═════ RECORDS FOR THE TASK
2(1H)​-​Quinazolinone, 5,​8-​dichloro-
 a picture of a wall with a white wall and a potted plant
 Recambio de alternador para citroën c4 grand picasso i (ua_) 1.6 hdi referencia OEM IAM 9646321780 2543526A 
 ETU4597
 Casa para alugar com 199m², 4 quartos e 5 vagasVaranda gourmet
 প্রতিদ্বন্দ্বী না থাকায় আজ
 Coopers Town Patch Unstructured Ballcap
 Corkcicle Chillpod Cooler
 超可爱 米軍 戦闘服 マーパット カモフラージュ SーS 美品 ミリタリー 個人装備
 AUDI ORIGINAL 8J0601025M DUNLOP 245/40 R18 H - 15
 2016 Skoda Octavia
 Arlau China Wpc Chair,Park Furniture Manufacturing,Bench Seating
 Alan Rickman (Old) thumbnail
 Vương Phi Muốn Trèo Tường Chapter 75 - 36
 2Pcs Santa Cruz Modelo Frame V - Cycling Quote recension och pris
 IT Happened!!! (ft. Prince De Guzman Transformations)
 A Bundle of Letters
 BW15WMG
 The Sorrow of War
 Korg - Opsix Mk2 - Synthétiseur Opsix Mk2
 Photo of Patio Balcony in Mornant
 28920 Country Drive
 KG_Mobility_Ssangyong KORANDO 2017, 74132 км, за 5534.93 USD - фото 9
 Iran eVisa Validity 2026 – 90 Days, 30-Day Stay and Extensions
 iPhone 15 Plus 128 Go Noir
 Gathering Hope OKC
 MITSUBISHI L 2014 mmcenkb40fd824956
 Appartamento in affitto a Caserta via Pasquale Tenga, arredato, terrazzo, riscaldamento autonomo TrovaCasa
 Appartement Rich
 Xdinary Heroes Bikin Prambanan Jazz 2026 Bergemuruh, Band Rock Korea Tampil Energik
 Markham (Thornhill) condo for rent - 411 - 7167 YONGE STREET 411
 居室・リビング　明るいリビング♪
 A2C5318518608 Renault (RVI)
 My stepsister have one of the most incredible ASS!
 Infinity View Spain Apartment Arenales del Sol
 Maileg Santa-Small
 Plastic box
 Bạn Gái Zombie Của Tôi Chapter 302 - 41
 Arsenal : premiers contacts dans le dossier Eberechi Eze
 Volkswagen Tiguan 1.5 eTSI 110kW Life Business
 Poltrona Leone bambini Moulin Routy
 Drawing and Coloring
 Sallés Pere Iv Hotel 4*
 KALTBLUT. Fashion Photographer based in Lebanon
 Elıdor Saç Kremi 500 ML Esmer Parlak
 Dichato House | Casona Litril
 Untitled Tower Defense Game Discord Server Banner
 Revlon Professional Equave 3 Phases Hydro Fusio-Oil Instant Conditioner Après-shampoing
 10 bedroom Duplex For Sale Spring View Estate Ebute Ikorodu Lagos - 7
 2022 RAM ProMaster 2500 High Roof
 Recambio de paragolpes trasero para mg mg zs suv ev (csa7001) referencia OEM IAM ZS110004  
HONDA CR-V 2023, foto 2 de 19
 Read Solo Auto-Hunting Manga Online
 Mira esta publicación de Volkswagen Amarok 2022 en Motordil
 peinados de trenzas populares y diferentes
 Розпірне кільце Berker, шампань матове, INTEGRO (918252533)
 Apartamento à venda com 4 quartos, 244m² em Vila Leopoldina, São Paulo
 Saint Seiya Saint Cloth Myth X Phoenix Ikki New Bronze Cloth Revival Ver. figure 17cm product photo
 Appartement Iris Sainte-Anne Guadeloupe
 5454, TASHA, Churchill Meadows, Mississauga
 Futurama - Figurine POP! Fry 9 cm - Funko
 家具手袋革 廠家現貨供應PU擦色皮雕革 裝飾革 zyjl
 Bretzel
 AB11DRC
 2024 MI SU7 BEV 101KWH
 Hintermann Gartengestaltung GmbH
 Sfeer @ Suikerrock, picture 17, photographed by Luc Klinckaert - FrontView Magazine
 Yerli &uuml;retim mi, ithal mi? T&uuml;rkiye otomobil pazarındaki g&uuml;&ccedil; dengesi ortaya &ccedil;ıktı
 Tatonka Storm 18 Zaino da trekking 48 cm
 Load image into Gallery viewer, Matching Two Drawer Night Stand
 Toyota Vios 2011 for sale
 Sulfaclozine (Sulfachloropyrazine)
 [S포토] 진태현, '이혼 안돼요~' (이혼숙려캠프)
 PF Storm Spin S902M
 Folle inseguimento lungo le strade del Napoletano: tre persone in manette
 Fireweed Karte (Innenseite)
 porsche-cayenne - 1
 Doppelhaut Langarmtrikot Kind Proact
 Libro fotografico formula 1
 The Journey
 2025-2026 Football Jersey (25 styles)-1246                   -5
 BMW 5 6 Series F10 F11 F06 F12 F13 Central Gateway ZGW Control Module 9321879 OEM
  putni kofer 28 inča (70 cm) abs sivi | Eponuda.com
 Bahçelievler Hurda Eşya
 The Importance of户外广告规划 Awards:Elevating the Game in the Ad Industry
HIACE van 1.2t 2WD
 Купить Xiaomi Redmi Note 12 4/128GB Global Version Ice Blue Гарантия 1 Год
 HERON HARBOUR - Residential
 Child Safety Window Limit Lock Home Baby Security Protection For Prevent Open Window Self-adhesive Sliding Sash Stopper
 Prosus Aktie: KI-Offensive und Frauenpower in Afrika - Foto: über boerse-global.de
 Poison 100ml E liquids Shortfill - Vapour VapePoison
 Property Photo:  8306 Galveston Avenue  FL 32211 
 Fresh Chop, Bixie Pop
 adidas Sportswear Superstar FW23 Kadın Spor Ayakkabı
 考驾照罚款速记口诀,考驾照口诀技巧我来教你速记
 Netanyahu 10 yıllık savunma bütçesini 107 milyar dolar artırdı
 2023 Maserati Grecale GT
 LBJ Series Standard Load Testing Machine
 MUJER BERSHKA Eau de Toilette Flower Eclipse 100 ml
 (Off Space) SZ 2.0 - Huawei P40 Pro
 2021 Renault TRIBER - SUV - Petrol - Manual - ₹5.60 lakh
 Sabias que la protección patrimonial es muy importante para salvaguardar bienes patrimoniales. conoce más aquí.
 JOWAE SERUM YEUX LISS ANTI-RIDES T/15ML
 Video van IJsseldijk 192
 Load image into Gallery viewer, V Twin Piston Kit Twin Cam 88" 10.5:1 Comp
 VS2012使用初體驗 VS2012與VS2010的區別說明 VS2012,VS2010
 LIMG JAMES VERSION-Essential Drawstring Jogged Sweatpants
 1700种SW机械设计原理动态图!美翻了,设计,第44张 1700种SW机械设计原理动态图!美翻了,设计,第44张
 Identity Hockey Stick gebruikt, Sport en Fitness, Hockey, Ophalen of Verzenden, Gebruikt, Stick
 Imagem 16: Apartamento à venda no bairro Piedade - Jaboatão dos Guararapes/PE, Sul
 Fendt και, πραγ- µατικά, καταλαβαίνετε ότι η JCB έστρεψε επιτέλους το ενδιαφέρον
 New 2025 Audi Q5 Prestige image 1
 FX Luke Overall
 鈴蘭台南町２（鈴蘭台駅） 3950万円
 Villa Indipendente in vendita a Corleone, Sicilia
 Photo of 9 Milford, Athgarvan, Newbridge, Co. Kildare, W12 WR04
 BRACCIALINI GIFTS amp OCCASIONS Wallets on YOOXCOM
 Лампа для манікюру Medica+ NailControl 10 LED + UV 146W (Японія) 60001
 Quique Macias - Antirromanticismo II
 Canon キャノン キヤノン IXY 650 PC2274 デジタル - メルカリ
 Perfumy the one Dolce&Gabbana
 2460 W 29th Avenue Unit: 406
══════════
**WORK ITEM**.
In the records above, collect each line with "viewer".

**RESULT FOR THIS TASK**.
 Load image into Gallery viewer, Matching Two Drawer Night Stand
 Load image into Gallery viewer, V Twin Piston Kit Twin Cam 88" 10.5:1 Comp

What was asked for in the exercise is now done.